31La curiosité a le plus souvent raison de la peur. Voir le motif de la peur permet d’en écarter toute menace. C’est ainsi que l’épisode des moulins à foulon permet de vérifier ce qui, dans le roman, constitue un véritable axiome. Alors que don Quichotte et Sancho sont surpris par la tombée de la nuit, loin de tout lieu habité, « ils entendirent qu’on frappait des coups en cadence, avec un certain cliquetis de fers et de chaînes qui, joint au terrible vacarme de l’eau, aurait plongé dans l’épouvante tout autre cœur que celui de don Quichotte. La nuit, comme on l’a dit, était obscure... tout cela répandait l’horreur et l'épouvante43»’Don Quichotte adresse alors à son serviteur, à la fois paralysé et éploré, un grandiloquent discours où il est question de gloire définitive et de combat immédiat. Sancho supplie son maître de ne pas le laisser seul, car il est persuadé qu’il mourra de peur, et il lui explique que, d’après la position des étoiles, la nuit est désormais trop courte pour lui laisser le temps d’accomplir un exploit ; mais don Quichotte réplique que la nuit est si noire qu’on ne peut distinguer les étoiles : Sancho affirme : « La peur a beaucoup d’yeux : elle voit les choses sous la terre, et à plus forte raison là-haut dans le ciel ; aussi, tout bien raisonné, peut-on entendre qu’il y a fort peu d’ici au jour44. » Au petit matin, lorsque les choses enfin paraissent distinctement, don Quichotte, suivi du fidèle Sancho, décide d’aller voir d’où provient le bruit : « Tout en allant il se recommandait aussi à Dieu afin qu’il ne l’oubliât pas dans cette redoutable aventure et entreprise45 ». Ce qui prouve que don Quichotte, lui aussi, peut éprouver la peur. Ils découvrent alors que le bruit effrayant provient de « six maillets d’un moulin à foulon dont les coups alternés produisaient ce tapage ». Don Quichotte est rempli de confusion et Sancho, éclatant littéralement de rire, lui répète son discours. Leur curiosité a été ici leur vertu et les réconcilie avec les progrès techniques de leur temps contre les superstitions et les enchantements.

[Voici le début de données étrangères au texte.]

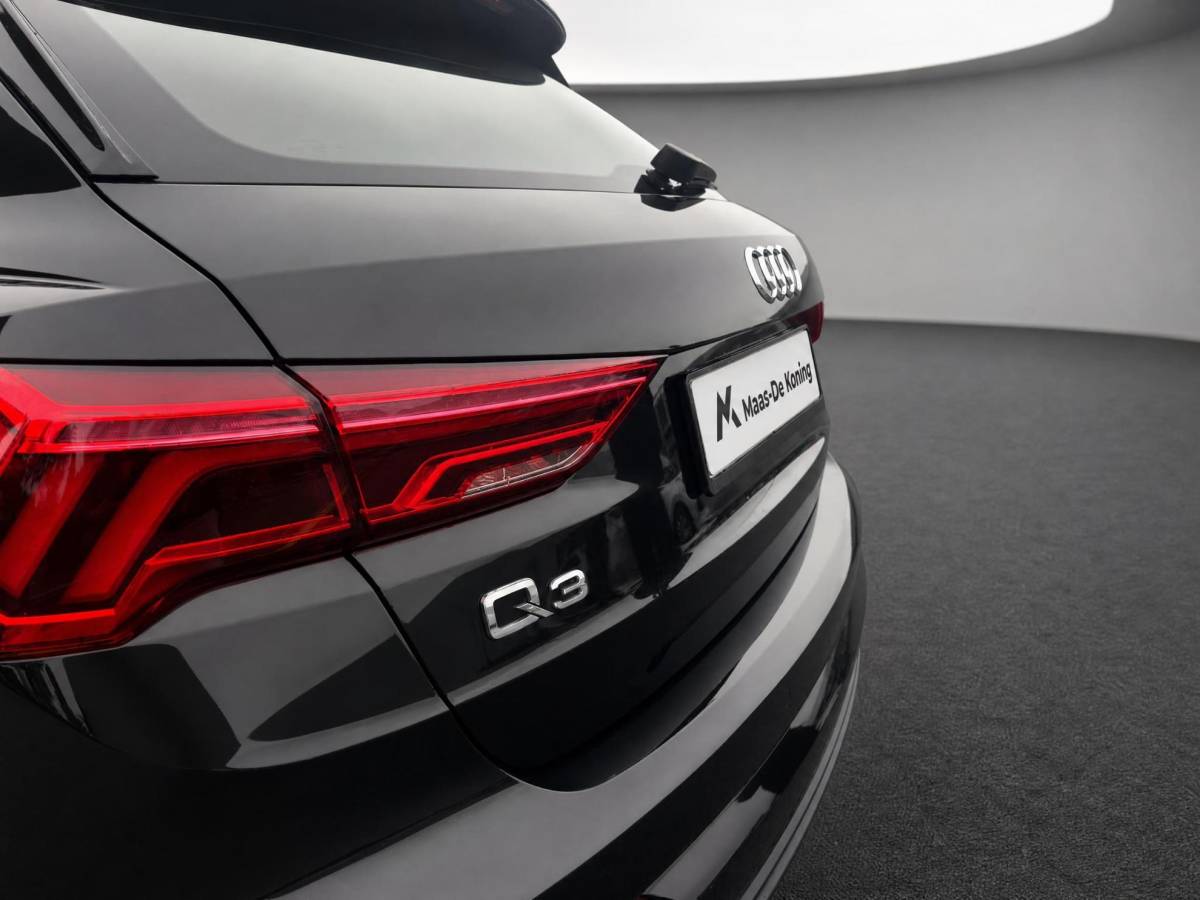 Audi Q3 Audi Q3 35 TFSI 150pk S edition · Apple/Android Car Play · 20” Lichtmetalen Velgen · Elek. inklapbare buitenspiegels · Audi Sound · Virtual Cockpit · Garantie t/m 16-01-2027 of 100.000km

32Est-ce que c’est la peur qui provoquerait les prouesses surprenantes et inattendues du chevalier, comme par exemple dans le cas de la rencontre avec le lion encagé ? Dans cet épisode, Sancho épouvanté s’enfuit, tout en pleurant la mort de son maître ; il a déjà averti : « Mon maître n’est pas fou, il est téméraire46. » Mais est-ce que don Quichotte est vraiment téméraire ? Cervantès écrit en effet : « Le lion sortit la tête de la cage et regarda de toutes parts avec des yeux comme des braises, au point que son regard et son allure auraient pu remplir d’épouvante la témérité en personne. Seul don Quichotte l’observait attentivement, impatient de le voir sauter hors du chariot47 ». Don Quichotte serait-il donc fou, parce qu’il ne peut éprouver la peur ? Les assistants à la scène en sont évidemment persuadés. L’animal farouche serait-il impressionné par un homme qui n’éprouve pas la peur et à qui il ne saurait faire rendre gorge ? Mais don Quichotte déclare à cette occasion : « Je sais fort bien ce qu’est le courage, c’est une vertu placée entre ces deux vices extrêmes que sont la lâcheté et la témérité. Mais c’est un moindre mal, quand on est courageux, que de s’élever jusqu’à être téméraire plutôt que de s’abaisser jusqu’à être lâche48 ». C’est ainsi que le chevalier, en sa savante folie, transforme savamment la définition aristotélicienne.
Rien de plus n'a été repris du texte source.